Among the customers who manage to keep their prices below $100, Kayla Marie Matarus said she lives in a 900-square-foot apartment and pays just $35 a month. Kim Tardy said she lives in a two-bedroom condominium and pays $69 a month on average while keeping her air conditioner set at 77 degrees.

Meanwhile, Orlove, the FPL spokesman, called comparisons of average bills “misleading” and “inappropriate.”

Comparing prices

One way in which FPL’s prices can be seen as “well below the national average” would be a straight comparison of price per kilowatt hour.
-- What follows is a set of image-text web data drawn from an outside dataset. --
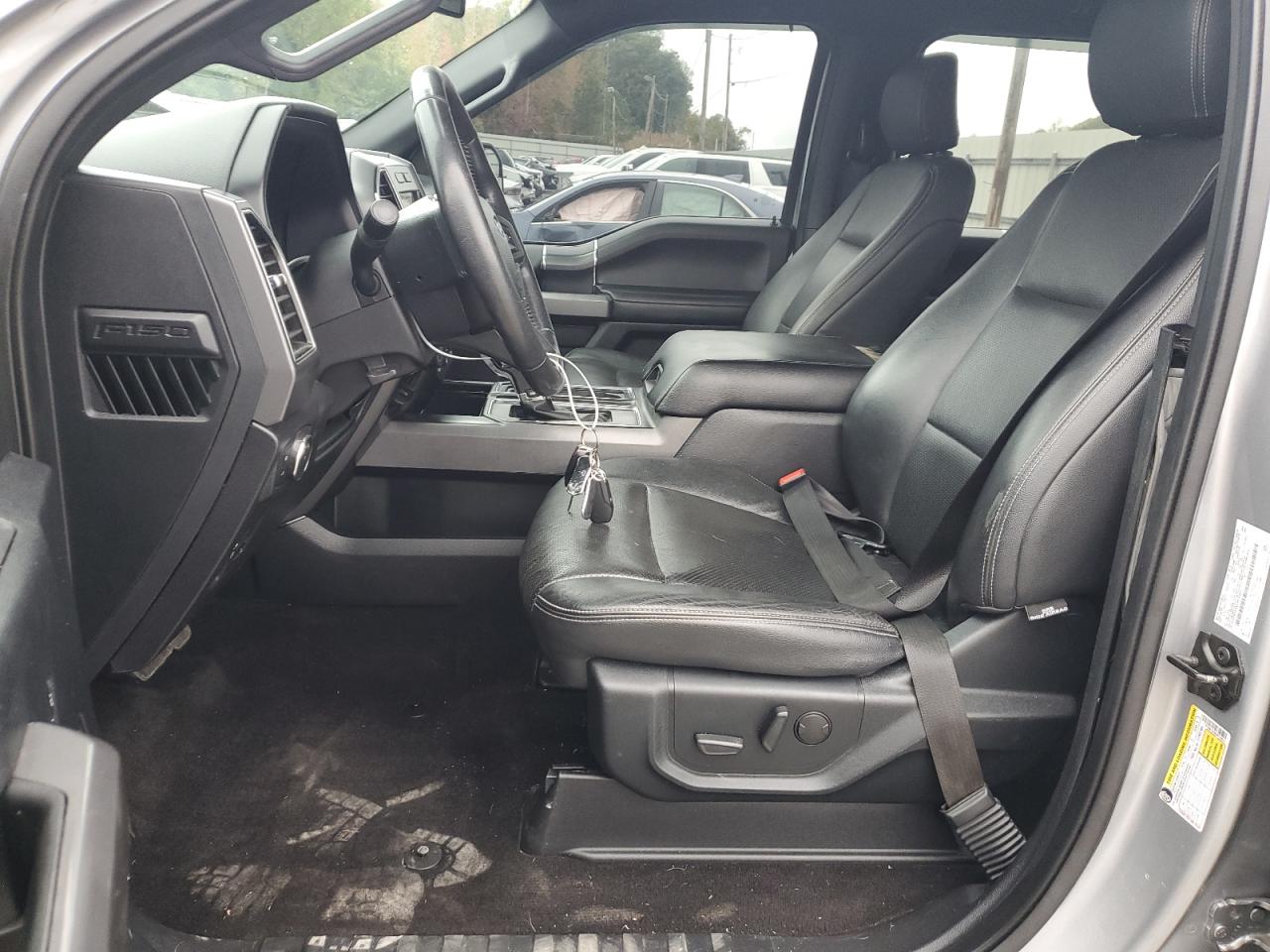 FORD F-150 SUPERCREW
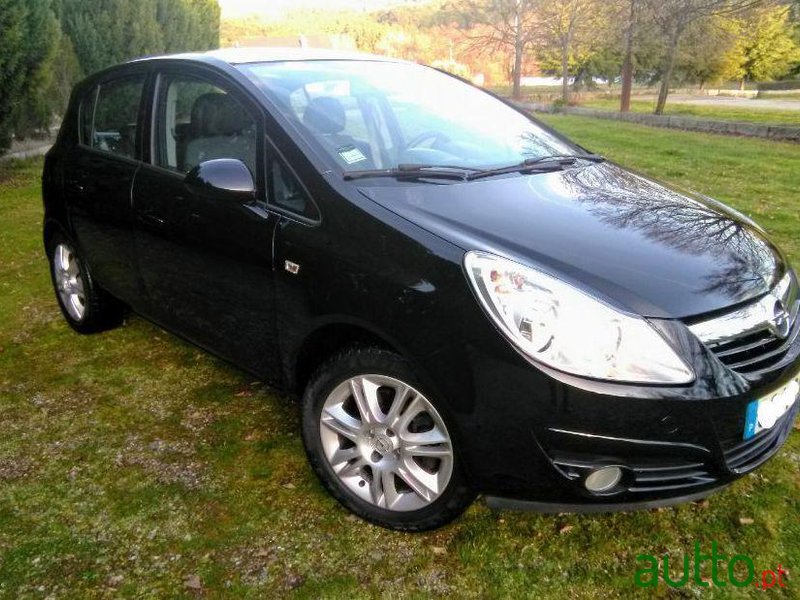 2009' Opel Corsa photo #2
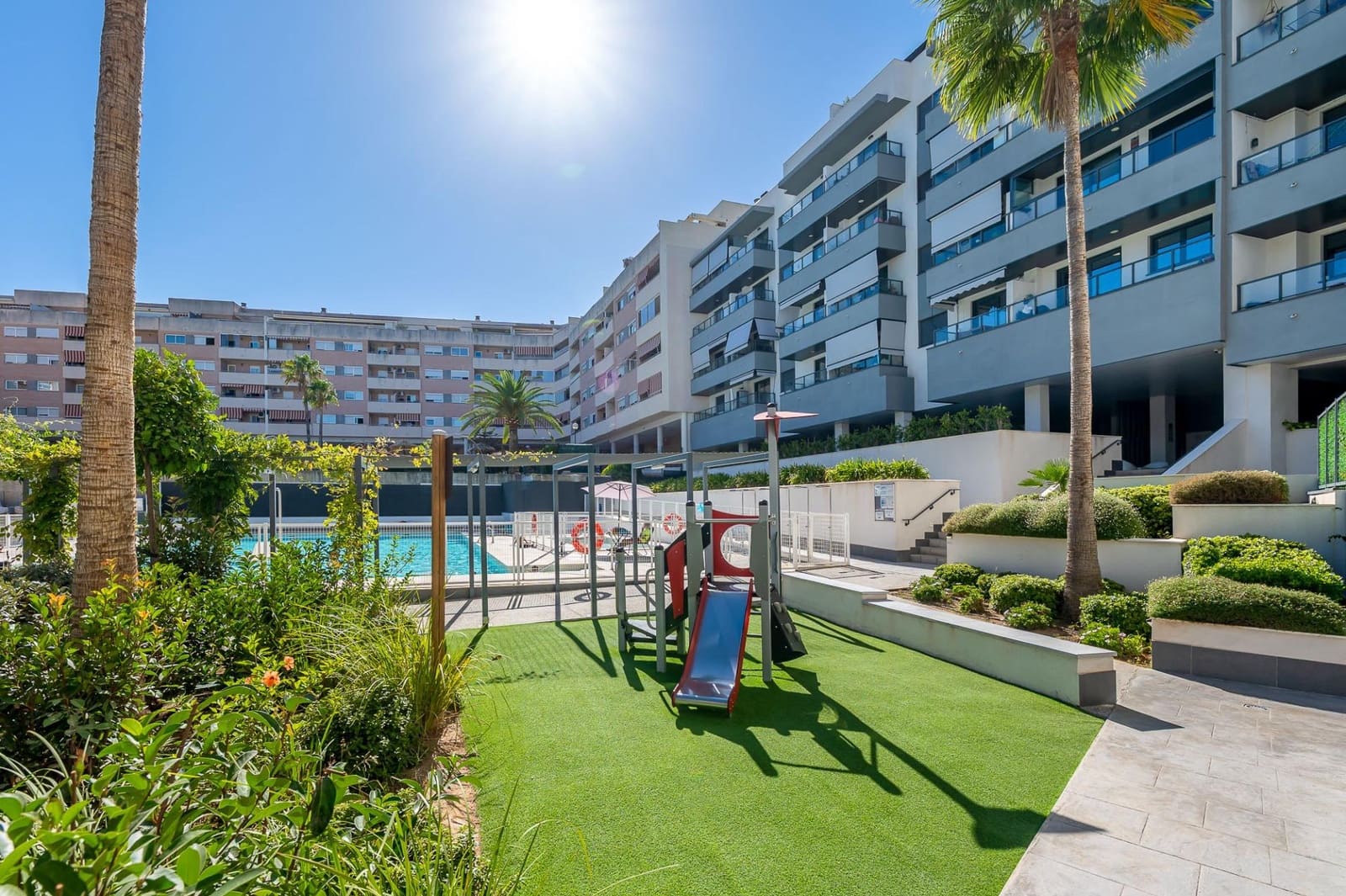 3 quarto Apartamento para arrendar em Mijas com piscina garagem - 1 850 € (Ref: 10177215)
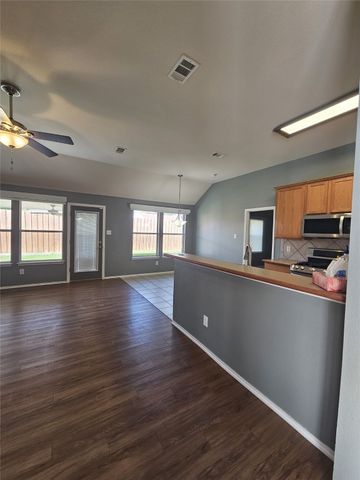 2110 Preston Trail, Forney, TX 75126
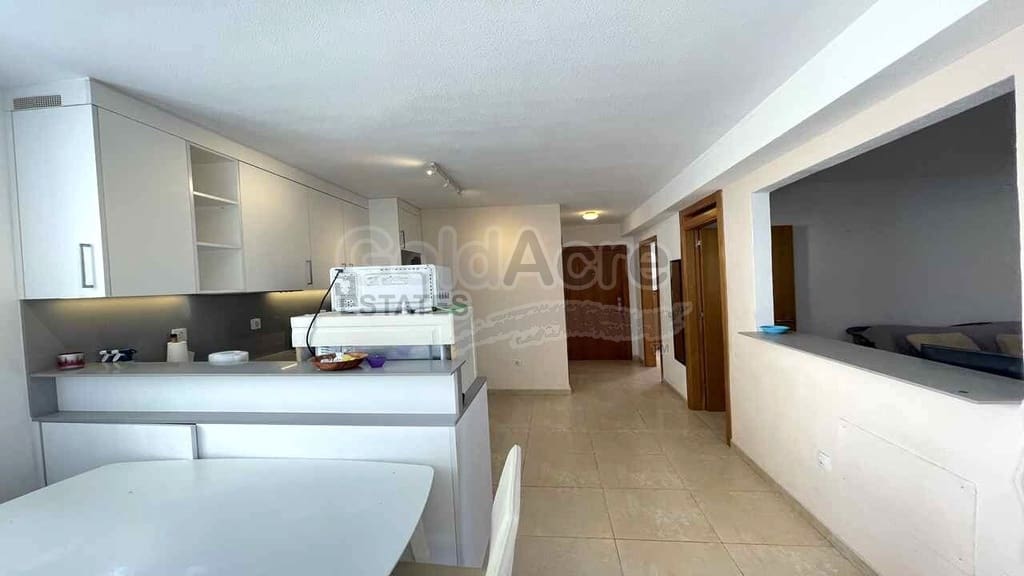1 bedroom Apartment for sale in Corralejo with pool - € 249,000 (Ref: 9880481)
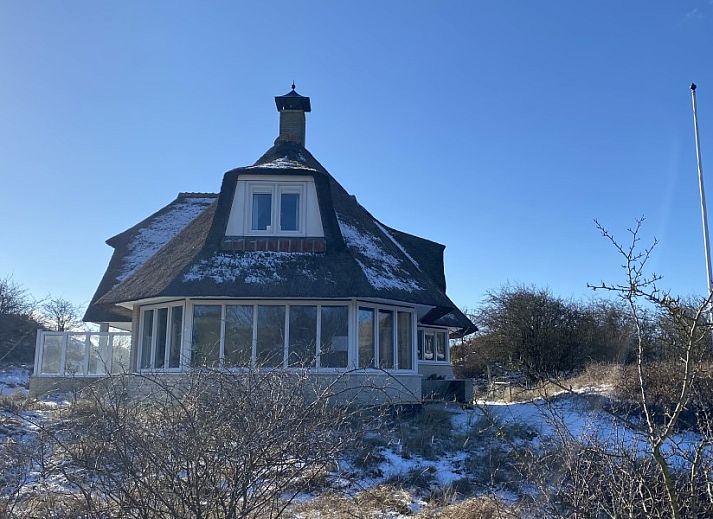 Gezellige woonkamer in Villa Rietberg, vakantiehuis op Schiermonnikoog met open haard.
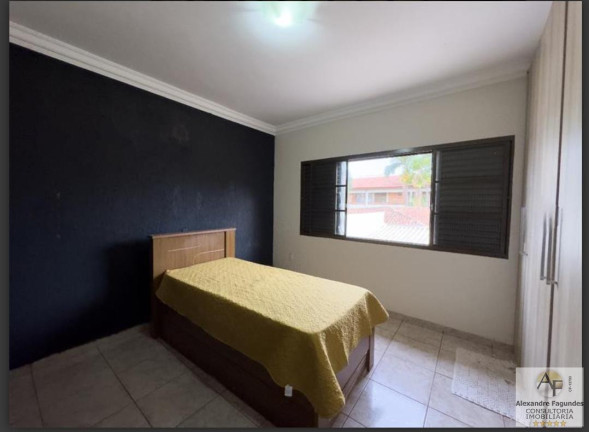 Imagem Casa com 4 Quartos à Venda, 420 m² em Setor Jaó - Goiânia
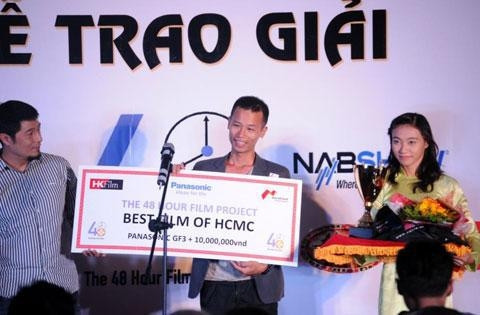 Nhà làm phim “Số Độc Đắc” nhận giải Phim xuất sắc nhất.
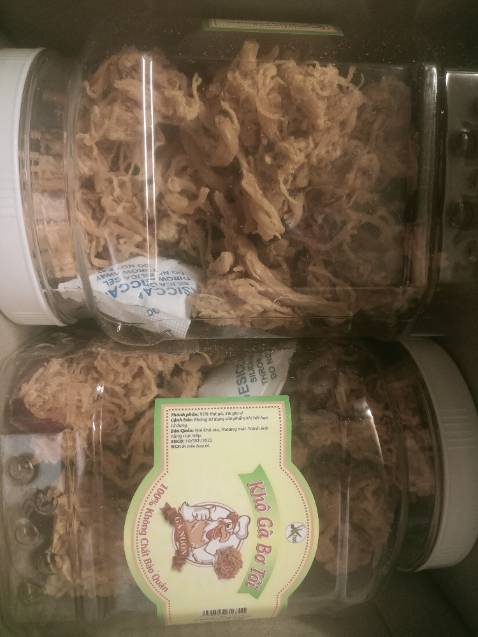 Date mới nên hsd khá xa, mùi vị không có gì đặc biệt, lần trước đặt khá thơm mùi bơ tỏi mà không hiểu sao lần này không thơm vậy nữa, với cảm giác hơi khô, khô gà bị vón cục nhiều lắm huhu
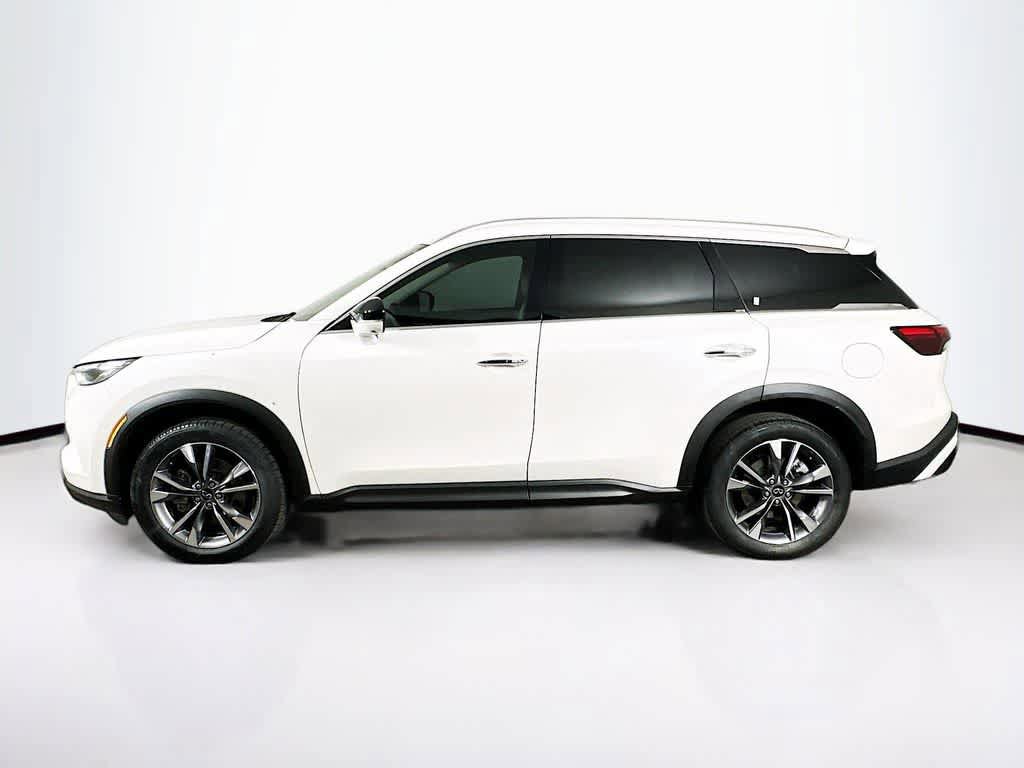 Used 2024 INFINITI QX60 Luxe AWD/4WD image 3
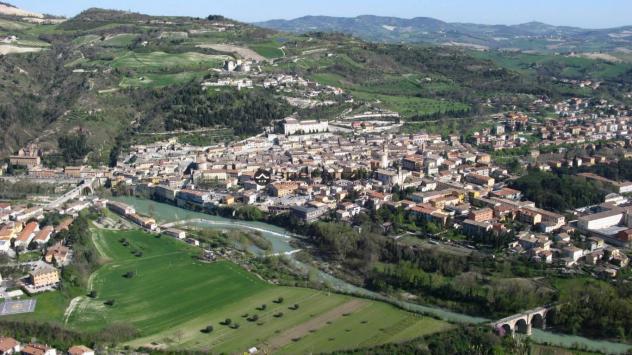 Nel cuore pulsante di fossombrone, in una posizione di prestigio su corso garibaldi, proponiamo in vendita/affitto locale commerciale di circa 25 mq a - Foto 9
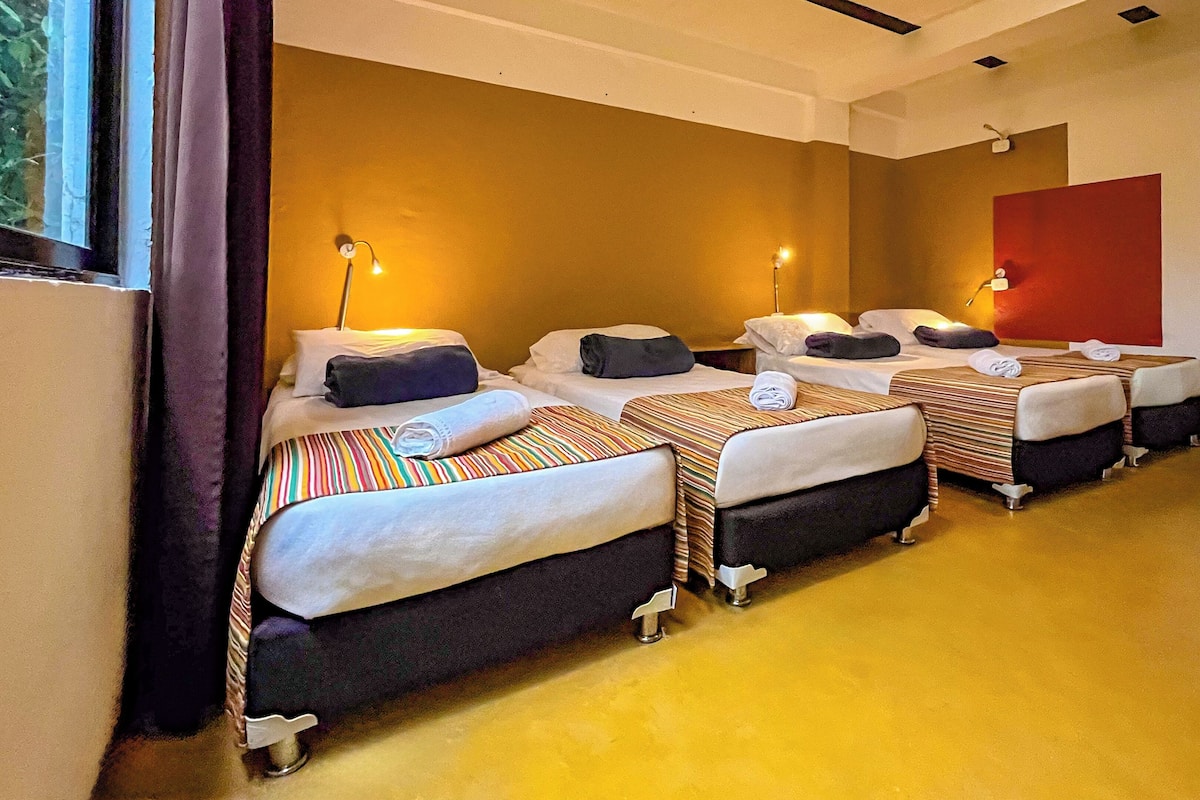 Blackout drapes, free WiFi, bed sheets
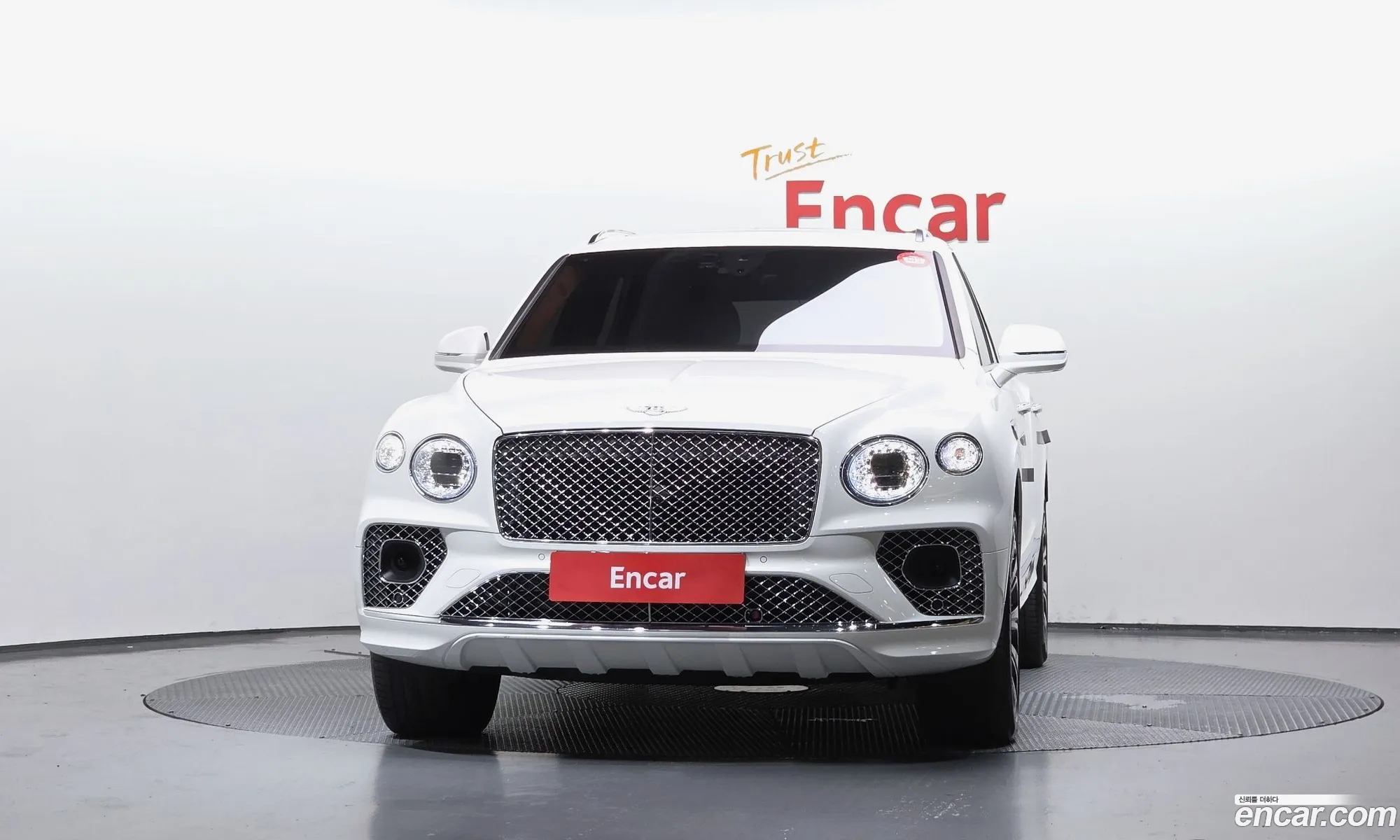Bentley Bentayga 2022 SJAAM14V6NC011242 — 15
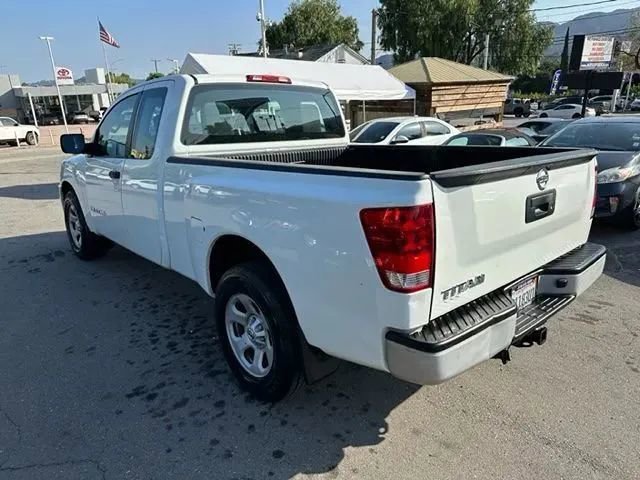 Used 2014 Nissan Titan S w/ Tow Package RWD image 4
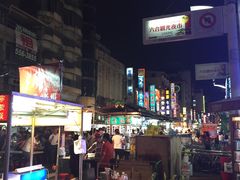 -六合夜市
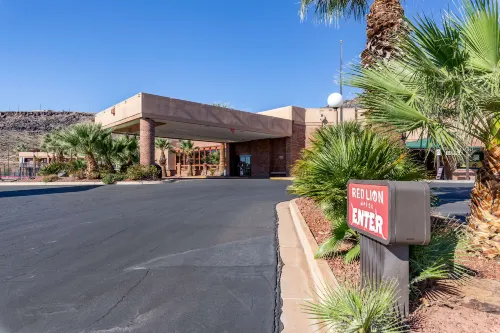 Red Lion Hotel & Conference Center St. George, UT Exterior Photos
Based on EIA data, FPL’s price of 10.44-cents per kilowatt hour is 335th cheapest of the 1,310 utilities and is well below the national average of 13.15 cents per kilowatt hour reported by the EIA.

Multiplying all utilities’ prices per kilowatt hour by the “typical” 1,000 vaults FPL close to the top of the “cheapest” list.

Despite the advent of energy efficient lightbulbs, appliances and air conditioning systems, household energy consumption in Florida and the overall U.S. increased 12.6% between 1990 and 2020, EIA figures show.

In 1990, FPL’s definition of a “typical” consumer would have been more accurate.

Average consumption that year was 1,013 kWh among Florida households and 793 kWh nationwide.

Three decades later, average consumption was 1,142 kWh in Florida and 893 kWh nationwide. Most of that increase occurred prior to the 2008 economic downturn, according to the EIA.